Reduced Risk of Sexual Harassment / Other Charges
Monitoring and blocking internet activity can also help reduce the risk of sexual harassment and types of other charges, by reducing the ability to access explicit and inappropriate websites.
May Block Necessary Sites
Sometimes when internet blocks are too broad, it may actually impact your employees ability to get their work done, particularly when a site the actually need for work is blocked.
Could Signal Distrust
Depending on how the monitoring and blocking is done, you could signal to your employees that you don’t trust them, which could impact office moral.
Could Infringe on Employee Rights
Suppose an employee is dealing with abuse issues at home, and they use the company internet to research their options. Your IT guy notices this, and for whatever reason decides to discuss it with yet another employee in the break room. Now the first employee’s secret is out, about a sensitive issue they may not be ready to discuss with anyone, let alone the office. While this example is extreme, it does happen.
A Better Way to Monitor
Instead of blocking the internet entirely at the office, try these solutions as a better way to monitor the internet. Your employees will thank you for it.
Inform of the Internet Policy
Don’t just implement the internet policy without telling anyone, and certainly don’t bury the policy deep within your employee manual. Instead, take the time to inform the entire office of the change, and the reasons for implementing the policy. Then, have new employees read, and sign, the internet policy rules separately from the employee manual, to help them fully understand what they can and can’t go on the internet at the office.

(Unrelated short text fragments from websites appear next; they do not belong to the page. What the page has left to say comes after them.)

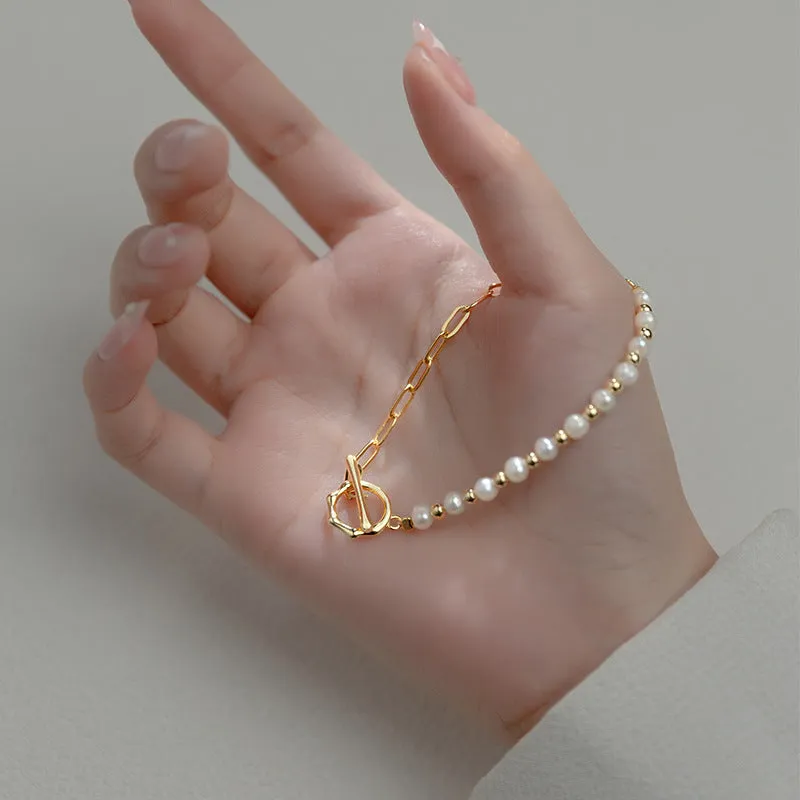 Women's Korean-style geometric pearl stitching bracelet with electroplated S925 silver finish on alloy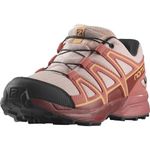 Salomon Junior Speedcross CLIMASALOMON™ Waterproof Outdoor Shoes for Kids, English Rose/Cow Hide/Cantaloupe, 3 US Little Kid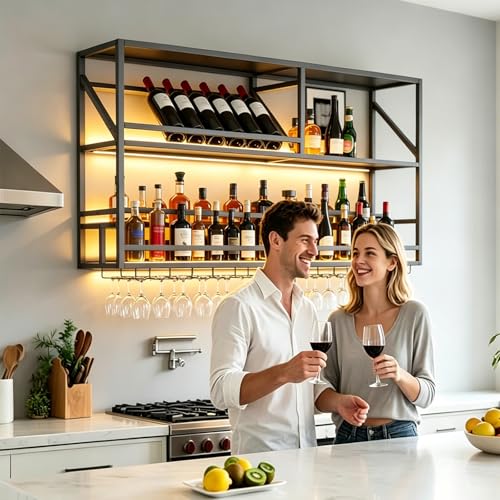 Wall Mounted Bar Shelf with LED & Wine Glass Rack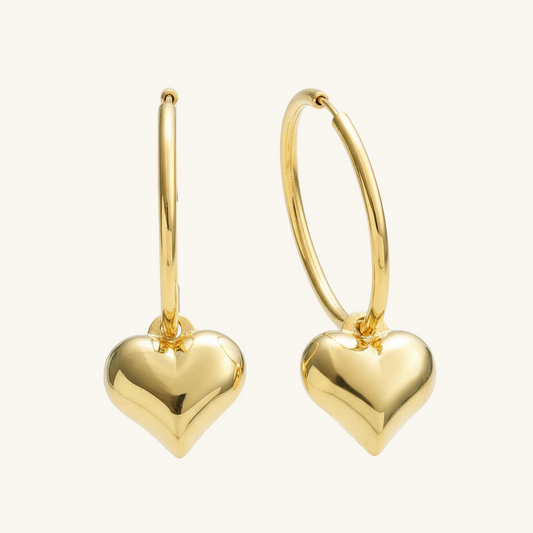 Gold Plated Heart Dangle Women's Silver Earrings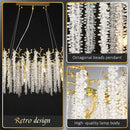 Luxury Gold Crystal Branch Chandelier - Axyaa's Modern Round Ceiling Light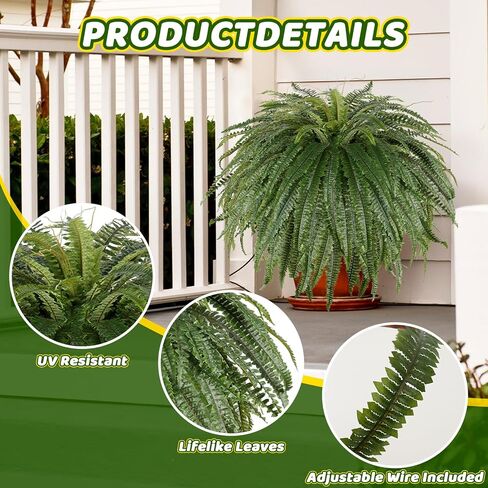 Single Silky 50" Artificial Fern Plant, Large Fake Fern with 128Fronds, Realistic Faux Boston Fern Bush for Outdoors & Indoor, Silk Greenery for Planter, Garden, Office, Home Décor in Kuwait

Block Sites, Skip Keystroke Logging
If possible, try blocking sites only, instead of also logging keystrokes. This helps you reduce the obvious offending sites – pornographic sites, Facebook, etc. – without blocking all access to the internet, and without obtaining information such as usernames and passwords, which get logged with keystroke software.
Designated Surfing Time
Instead of blocking the internet all the time, give employees certain periods of the day – say lunch time – where they can surf the web unhindered. This shows that you understand the importance of them needing to balance their work and personal life, without letting it get out of hand in the workplace.
Similarly, you could also create an internet café in the break room, with computers that have open internet access. Businesses often give employees access to snack and soda machines, and give smokers smoke breaks, so why not let your employees take an internet break?
These are just some ways you can help take the pain out of monitoring internet activity in the office. Has your office implemented internet monitoring or website blocking? What did you do to reduce employee concerns?